Alert Quality Checklist
| Good Alert | Bad Alert |
|---|
| Requires human action | Informational only |
| Indicates user impact | Internal metric spike |
| Has clear remediation | "Something is wrong" |
| Fires rarely | Fires constantly |
| Grouped logically | One per symptom |
Severity Levels
| Level | Meaning | Response Time | Example |
|---|
| Critical | Service down, data loss | Immediate (page) | Database unreachable |
| Warning | Degraded performance | Within hours | CPU > 80% for 10min |
| Info | Notable event | Next business day | Deployment completed |
Alertmanager Configuration
# alertmanager.yml
global:
resolve_timeout: 5m
slack_api_url: 'https://hooks.slack.com/services/...'
route:
receiver: 'default'
group_by: ['alertname', 'cluster']
group_wait: 30s
group_interval: 5m
repeat_interval: 4h
routes:
- match:
severity: critical
receiver: 'pagerduty-critical'
repeat_interval: 15m
- match:
severity: warning
receiver: 'slack-warnings'
repeat_interval: 2h
receivers:
- name: 'default'
slack_configs:
- channel: '#monitoring'
send_resolved: true
- name: 'pagerduty-critical'
pagerduty_configs:
- service_key: '<pagerduty-key>'
- name: 'slack-warnings'
slack_configs:
- channel: '#alerts-warning'
send_resolved: true
inhibit_rules:
- source_match:
severity: 'critical'
target_match:
severity: 'warning'
equal: ['alertname', 'instance']
SLOs and Error Budgets
Service Level Objectives
| Term | Definition | Example |
|---|
| SLI | Service Level Indicator | Request success rate |
| SLO | Service Level Objective | 99.9% success rate |
| SLA | Service Level Agreement | Contractual guarantee |
| Error Budget | Allowed failures | 0.1% = 43 min/month |
SLO-Based Alerts
groups:
- name: slo_alerts
rules:
# Burn rate alert — fast burn
- alert: HighBurnRate_Fast
expr: |
(
sum(rate(http_requests_total{status_code=~"5.."}[5m]))
/
sum(rate(http_requests_total[5m]))
) > 14.4 * 0.001
for: 2m
labels:
severity: critical
annotations:
summary: "Error budget burning 14x faster than allowed"
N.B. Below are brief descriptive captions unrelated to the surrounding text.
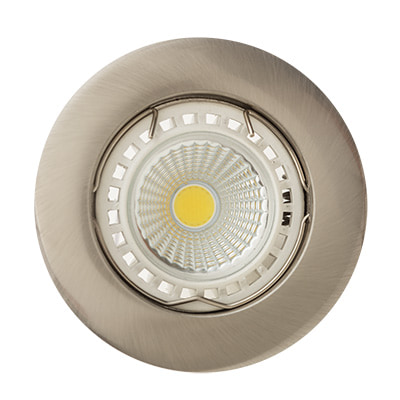 Straight Curved Rim Downlight 78mm Dia Satin Chrome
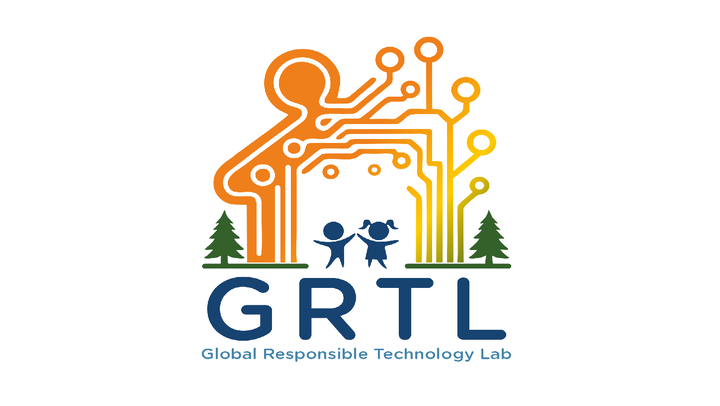 Logo of the GRTL Lab, two children in front of a background that combines a gingerbread house and a platine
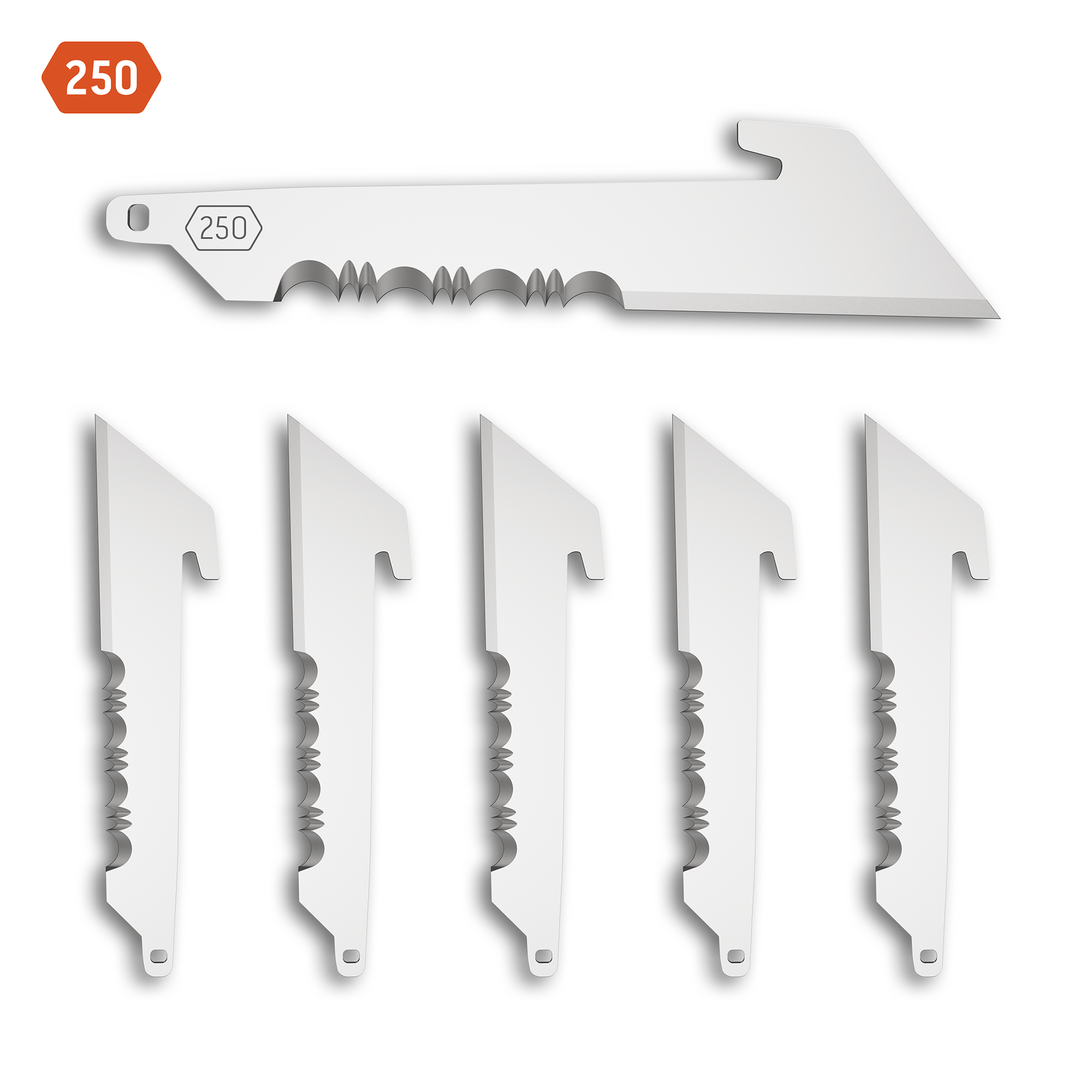 2.5" 50% SERRATED UTILITY BLADES | 6-PACK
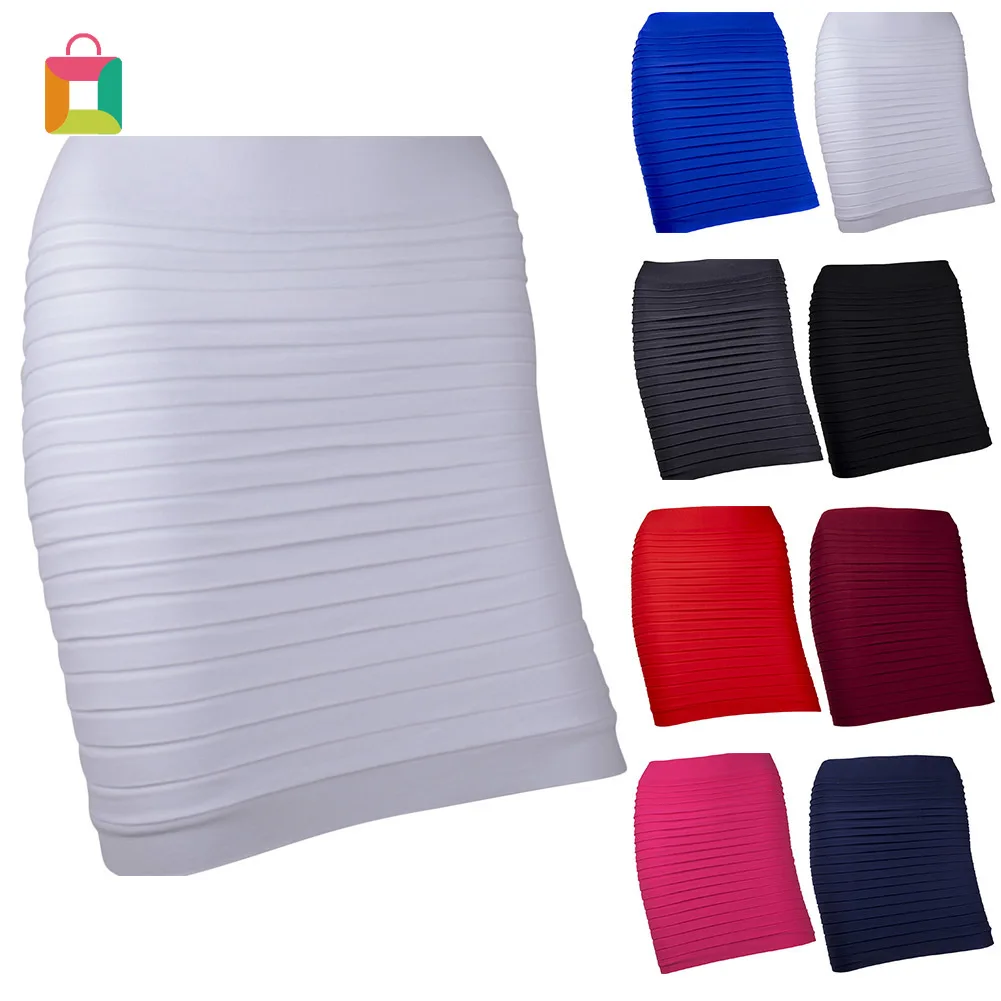 

Новая мода 2020 Летняя женская юбка с высокой талией ярких цветов Женская эластичная плиссированная Сексуальная короткая юбка с блестками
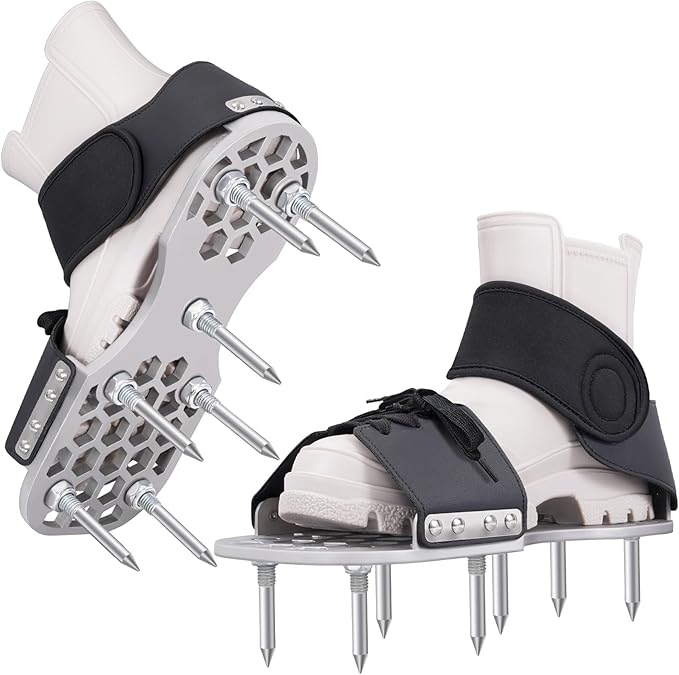 Aerator Shoes, Lawn Aerator Shoes for Grass with Thickened Metal Base, Longer Steel Spike, Aeration Shoes for Lawn with Adjustable Straps, Fully Assembled Aerating Shoes for Lawn Yard - Black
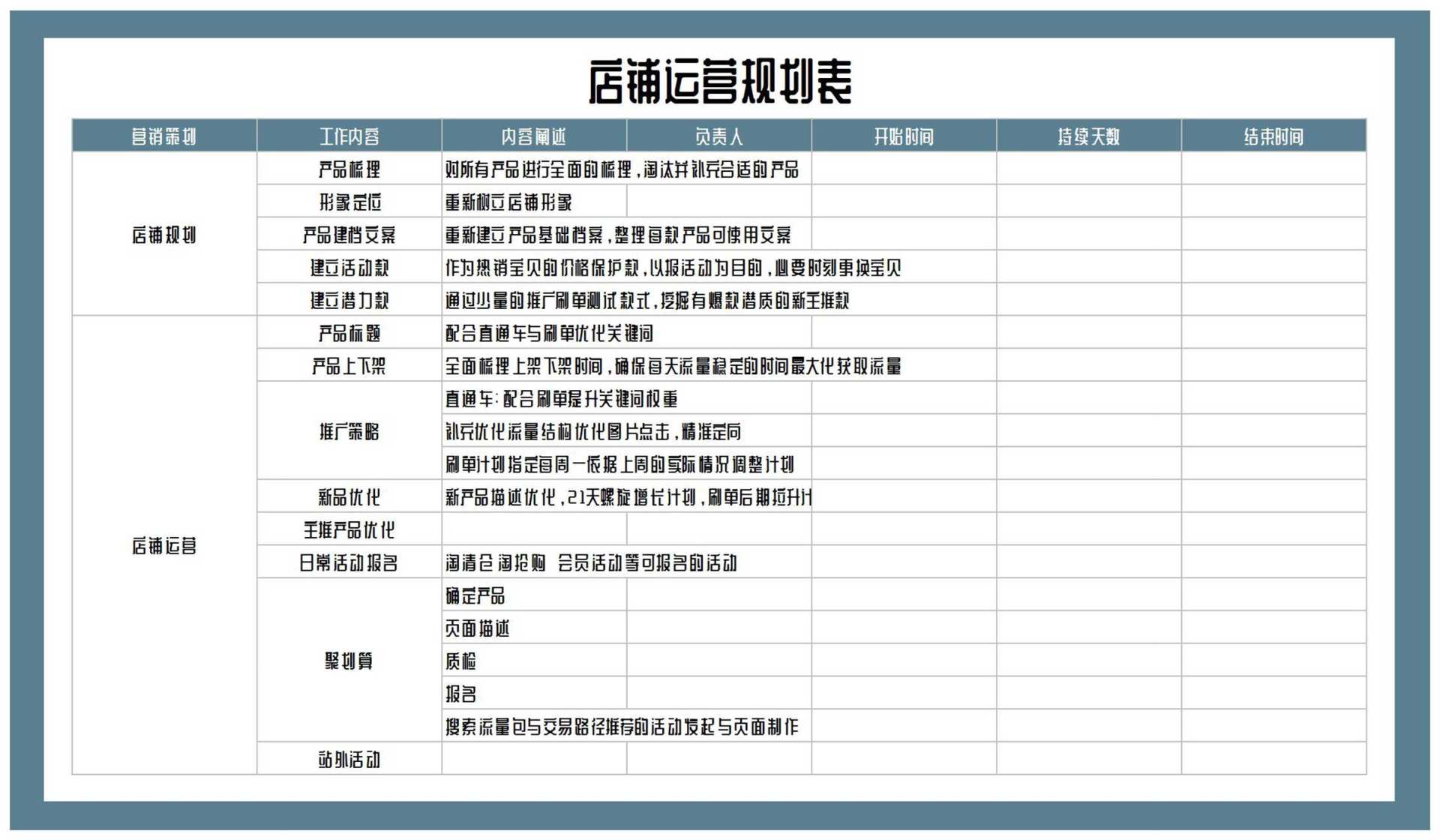 店铺运营规划表Excel模板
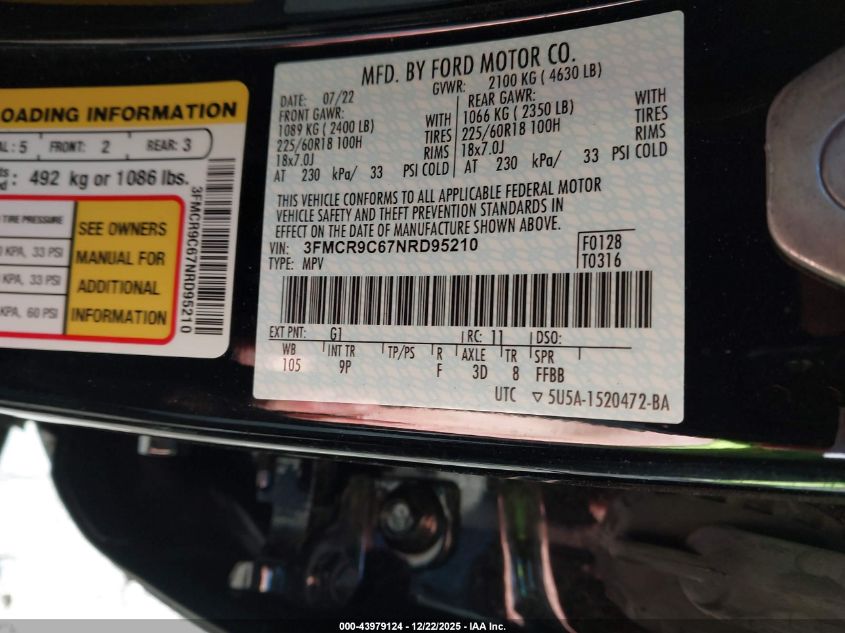 2022 Ford Bronco Sport Outer Banks VIN: 3FMCR9C67NRD95210 Lot: 43979124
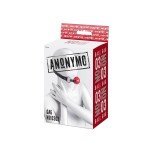 Пластиковый кляп-шар с отверстиями Anonymo на чёрных кожаных ремешках - красный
# Burn rate alert — slow burn
- alert: HighBurnRate_Slow
expr: |
(
sum(rate(http_requests_total{status_code=~"5.."}[1h]))
/
sum(rate(http_requests_total[1h]))
) > 3 * 0.001
for: 15m
labels:
severity: warning
annotations:
summary: "Error budget burning 3x faster than allowed"
Incident Response Runbook
Template
# Incident: [Alert Name]
## Symptoms
- What the user experiences
- What metrics show
## Diagnosis
1. Check service health: `kubectl get pods -l app=<service>`
2. Check logs: `kubectl logs -l app=<service> --tail=100`
3. Check dependencies: `curl http://<dependency>/health`
4. Check resources: `kubectl top pods`
## Remediation
1. **Quick fix:** Restart pods — `kubectl rollout restart deployment/<name>`
2. **Scale up:** `kubectl scale deployment/<name> --replicas=5`
3. **Rollback:** `kubectl rollout undo deployment/<name>`
## Escalation
- L1: On-call engineer (first 15 min)
- L2: Team lead (after 30 min)
- L3: Engineering manager (after 1 hour)
## Post-Incident
- [ ] Timeline documented
- [ ] Root cause identified
- [ ] Fix deployed
- [ ] Post-mortem scheduled
Monitoring Best Practices
The Four Golden Signals (Google SRE)
| Signal | What to Measure | PromQL Example |
|---|
| Latency | Request duration | histogram_quantile(0.95, rate(http_duration_seconds_bucket[5m])) |
| Traffic | Request rate | sum(rate(http_requests_total[5m])) |
| Errors | Error rate | sum(rate(http_requests_total{status=~"5.."}[5m])) |
| Saturation | Resource usage | container_memory_usage_bytes / container_spec_memory_limit_bytes |
USE Method (for infrastructure)
| Component | Utilization | Saturation | Errors |
|---|
| CPU | Usage % | Run queue length | System errors |
| Memory | Used / Total | Swap usage | OOM kills |
| Disk | Space used % | I/O wait | Read/write errors |
| Network | Bandwidth % | Dropped packets | Interface errors |
Summary
You've learned:
- Designing meaningful alerts that reduce fatigue
- Configuring Alertmanager with routing and receivers
- SLOs, error budgets, and burn-rate alerting
- Building incident response runbooks
- The Four Golden Signals and USE method
Next Steps
You now have a complete monitoring foundation. Apply these practices to your Kubernetes deployments and CI/CD pipelines for full observability.